La domanda più frequente ogni giorno che passa è: quanto durerà il Governo Letta?

Fin da quando il Premier ha ricevuto l’incarico, ogni strappo, polemica o dichiarazione diventa la causa di un’ipotetica crisi di governo capace di far interrompere le larghe intese e far saltare il piano del Presidente Giorgio Napolitano.
Questa volta però lo strappo sembra decisivo e tra le cause, oltre che la conferma della condanna di Silvio Berlusconi, c’è la volontà di parte del PD di non accogliere la proposta del PDL a predisporre un salvacondotto che faccia evitare l’ineleggibilità del Cavaliere di cui la giunta per le elezioni e le immunità del Senato deciderà il 9 settembre. Ci eravamo chiesti qui in che stato potesse arrivare il Governo Letta per il 31 agosto, data decisiva per le priorità stabilite dall’Agenda di governo.
La risposta è che questo Governo sembra ormai essere un esecutivo a termine: il PDL, per cui è imminente il ritorno alla denominazione Forza Italia, non riesce più a restare nei ranghi indispettito dall’apparente ritrovata unità “antiberlusconiana” dell’anomalo alleato; il Congresso del PD, che ormai sembra fissato per settembre, stabilirà presumibilmente anche la data delle Primarie che rende evidente quanto le elezioni siano vicine dopo poco più di 100 giorni di governo.
Che bilancio si può dare al Governo Letta e alle larghe intese fino a ora?
Dai più definito il “Governo delle attese” più che delle larghe intese, l’esecutivo guidato da Letta ha affrontato alcune delle problematiche principali in maniera sempre troppo blanda e debole.
Il decreto del fare, di cui abbiamo parlato qui, sembra un’occasione mancata, mitigato e riformato più volte non riesce mai a entrare a fondo dei problemi trattati, rimandando sempre a provvedimenti futuri le decisioni più insidiose. L’IMU, argomento molto caro al PDL, è l’altro tema spinoso causa degli scricchiolii di governo.

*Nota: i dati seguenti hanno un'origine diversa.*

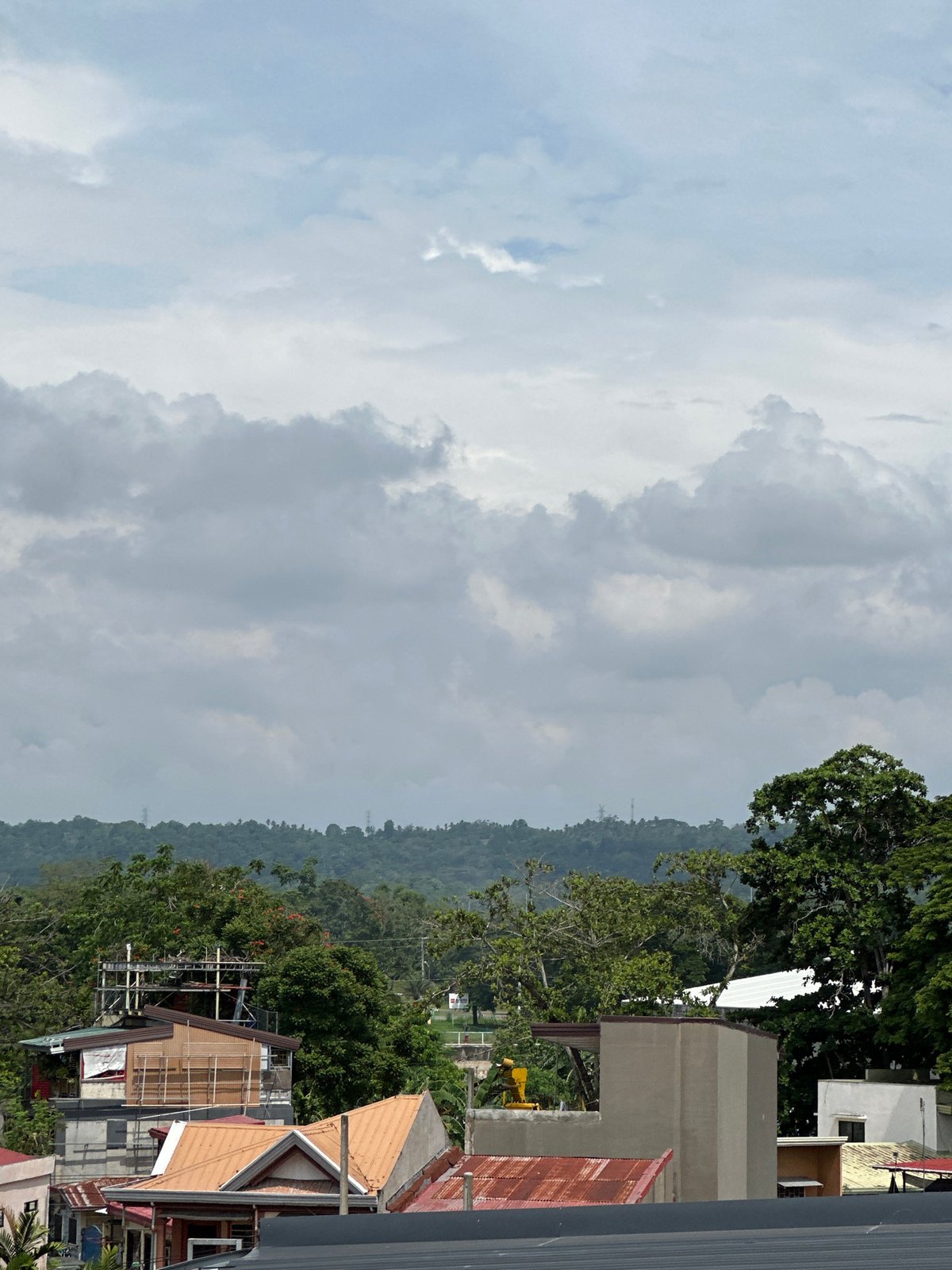 Witness documents daily life across Davao City neighborhoods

Il Ministro Saccomanni nel documento presentato dal Ministero dell’Economia ha tracciato nove scenari che scaturirebbero dall’abolizione dell’imposta sul mattone, «la cui abolizione totale per la prima casa, di cui beneficerebbero soprattutto i contribuenti più ricchi, può avere un’efficienza scarsa oltre che un impatto regressivo». Questa posizione ha dato ancora di più fuoco alle polveri del PDL che ha intimato al PD di rispettare i patti e di essere fermo nell’abolire la tassa considerandola una vera e propria posizione politica. Si direbbe un’occasione d’oro per il Partito Democratico di ritrovare forza e staccare la spina al Governo sempre ricattato da più parti.

Invece il Governo ha proseguito spedito e quasi unitario nell’approvazione del Disegno di legge di revisione dall’articolo 138 della Costituzione, già approvato al senato, il cosiddetto “Golpe silenzioso” ha l’intento di ridurre i tempi delle delibere delle due camere da tre a un mese. Contro questa misura si sono schierati personalità della sinistra come Rodotà e Landini che hanno dato vita a un appello e a una raccolta firme pubblicata anche da Il Fatto Quotidiano.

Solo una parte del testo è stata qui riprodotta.